In your reply, print every line of the listing exactly and omit all images.
▬▬▬▬▬▬
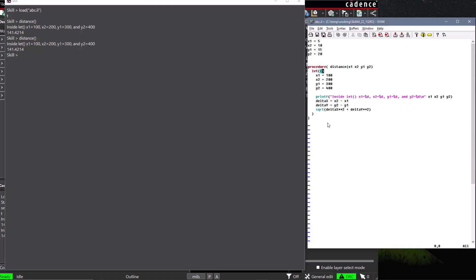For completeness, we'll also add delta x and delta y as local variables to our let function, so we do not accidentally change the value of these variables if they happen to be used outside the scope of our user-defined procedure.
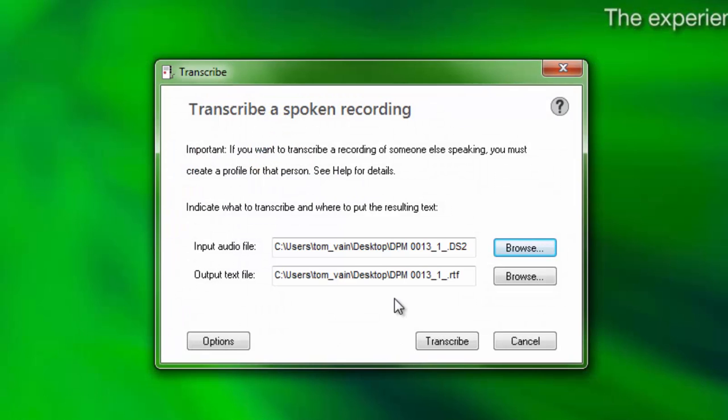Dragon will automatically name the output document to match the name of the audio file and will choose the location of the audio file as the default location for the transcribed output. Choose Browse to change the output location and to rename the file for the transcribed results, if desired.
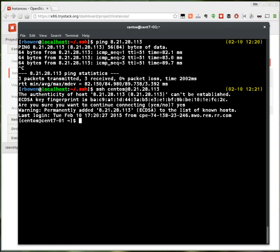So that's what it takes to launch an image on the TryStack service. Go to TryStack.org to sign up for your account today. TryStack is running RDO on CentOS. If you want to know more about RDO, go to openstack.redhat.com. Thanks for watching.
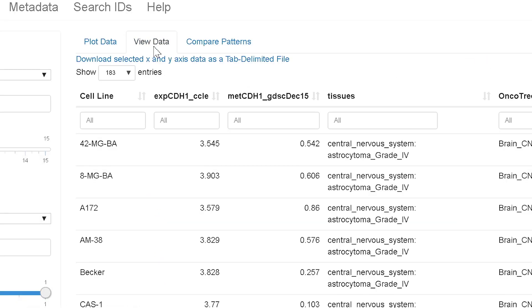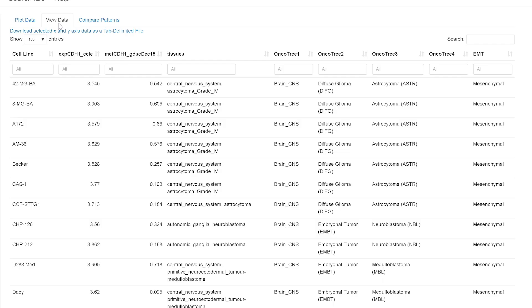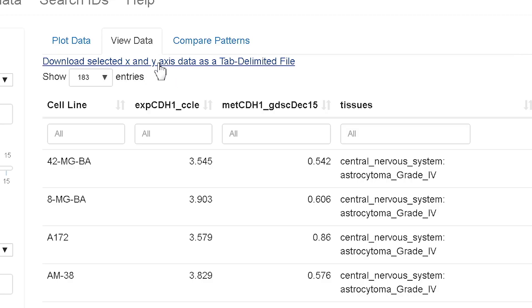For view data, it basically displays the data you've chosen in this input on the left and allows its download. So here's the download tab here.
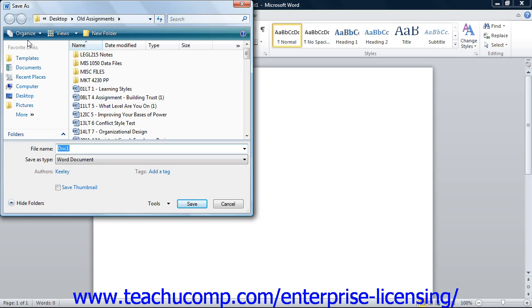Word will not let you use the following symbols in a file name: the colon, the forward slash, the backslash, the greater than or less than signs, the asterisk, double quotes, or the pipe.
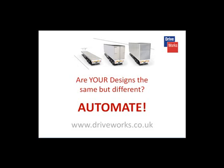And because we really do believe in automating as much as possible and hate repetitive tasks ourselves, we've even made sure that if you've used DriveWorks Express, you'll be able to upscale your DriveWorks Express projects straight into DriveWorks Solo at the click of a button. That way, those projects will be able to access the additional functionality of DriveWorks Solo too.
▬▬▬▬▬▬
| Expected answer |
For completeness, we'll also add delta x and delta y as local variables to our let function, so we do not accidentally change the value of these variables if they happen to be used outside the scope of our user-defined procedure.
Dragon will automatically name the output document to match the name of the audio file and will choose the location of the audio file as the default location for the transcribed output. Choose Browse to change the output location and to rename the file for the transcribed results, if desired.
So that's what it takes to launch an image on the TryStack service. Go to TryStack.org to sign up for your account today. TryStack is running RDO on CentOS. If you want to know more about RDO, go to openstack.redhat.com. Thanks for watching.
For view data, it basically displays the data you've chosen in this input on the left and allows its download. So here's the download tab here.
Word will not let you use the following symbols in a file name: the colon, the forward slash, the backslash, the greater than or less than signs, the asterisk, double quotes, or the pipe.
And because we really do believe in automating as much as possible and hate repetitive tasks ourselves, we've even made sure that if you've used DriveWorks Express, you'll be able to upscale your DriveWorks Express projects straight into DriveWorks Solo at the click of a button. That way, those projects will be able to access the additional functionality of DriveWorks Solo too.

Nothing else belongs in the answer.